Aim of the task | Repeat the listing word for word, but skip any pictures.

Collected material |
┏━━

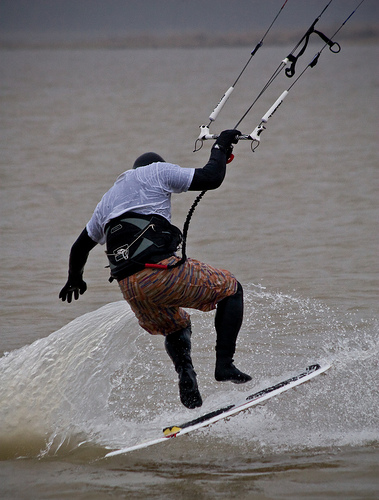 shuv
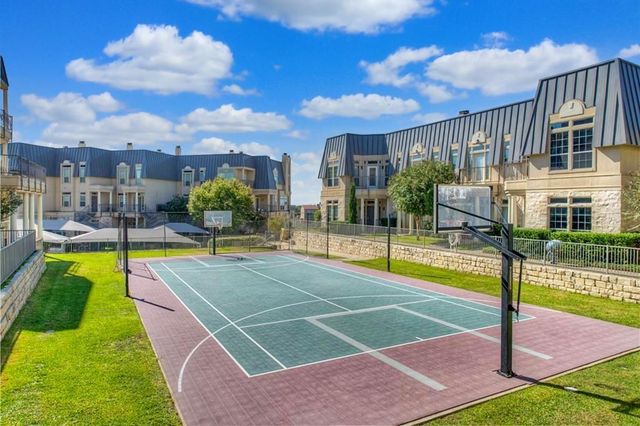 2918 Ranch Road 620 RD 161, Austin, TX 78734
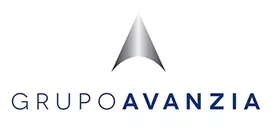 Grupo Avanzia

┗━━

Solution to the exercise |
 shuv
 2918 Ranch Road 620 RD 161, Austin, TX 78734
 Grupo Avanzia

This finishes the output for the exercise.